INFORMATION PROVIDED section start
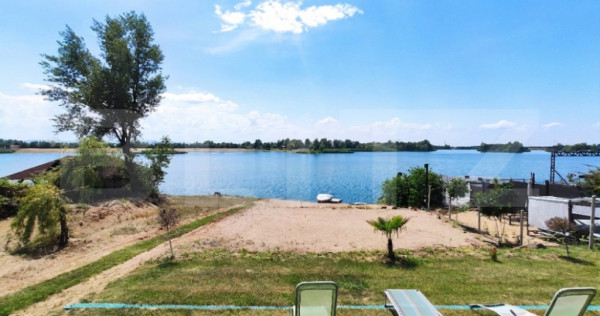 Teren pentru casă de vacanță cu plaja, 1150 mp, zona Apa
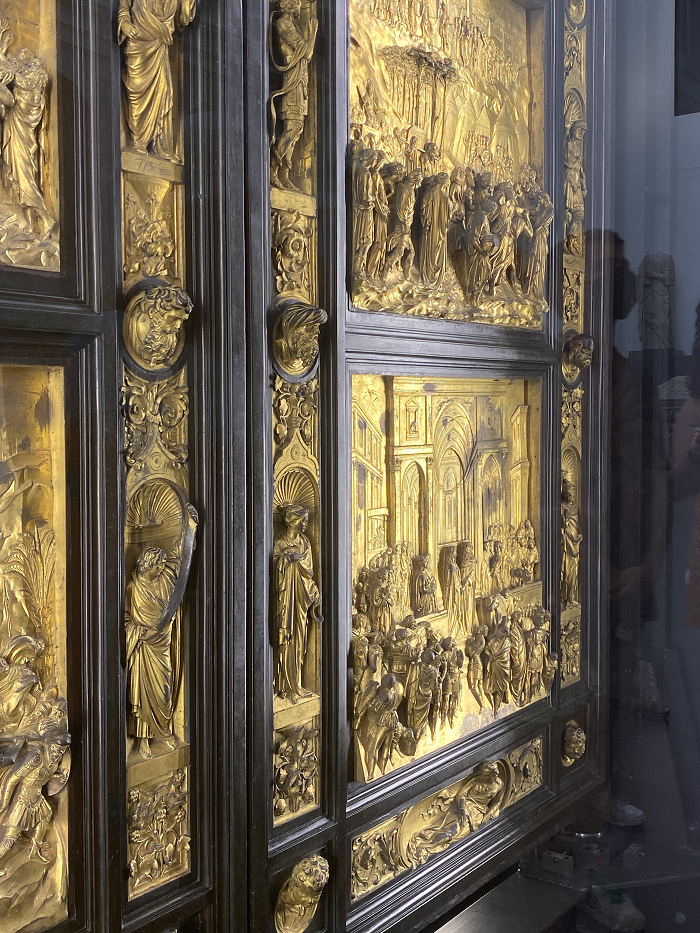 golden door with small raised scultpures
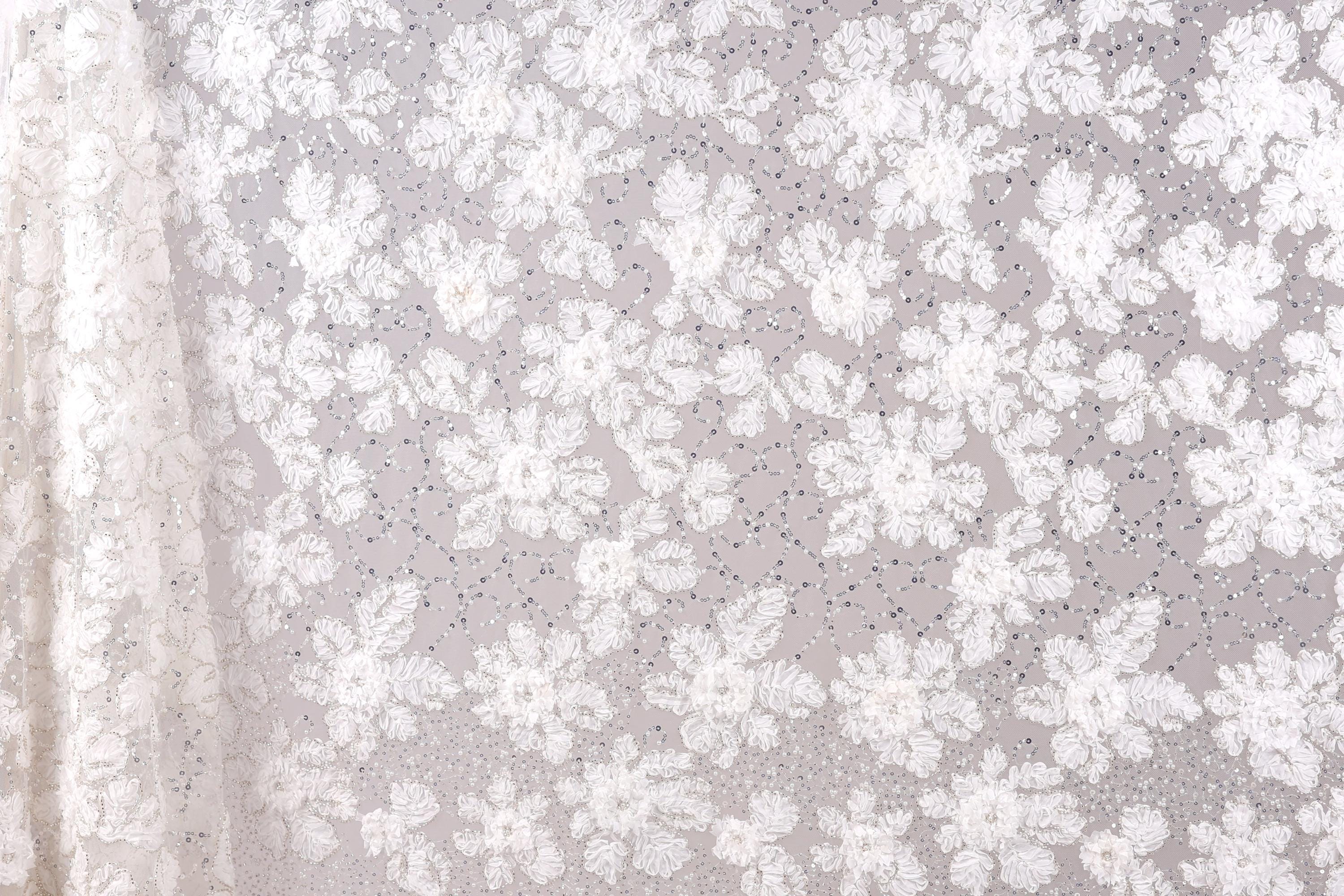 a close-up view of a delicate, white lace fabric with a floral pattern. The fabric appears to be made of sheer material, giving it a delicate and elegant appearance. The lace fabric is spread across the entire image, creating a sense of depth and texture. The floral pattern on the fabric is intricate and detailed, showcasing the craftsmanship and artistry involved in creating such a piece of textile art.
INFORMATION PROVIDED section end
● **WHAT TO WORK ON**: The response should be the full material, repeated exactly, with images removed.

● **RESPONSE BOX**:
 Teren pentru casă de vacanță cu plaja, 1150 mp, zona Apa
 golden door with small raised scultpures
 a close-up view of a delicate, white lace fabric with a floral pattern. The fabric appears to be made of sheer material, giving it a delicate and elegant appearance. The lace fabric is spread across the entire image, creating a sense of depth and texture. The floral pattern on the fabric is intricate and detailed, showcasing the craftsmanship and artistry involved in creating such a piece of textile art.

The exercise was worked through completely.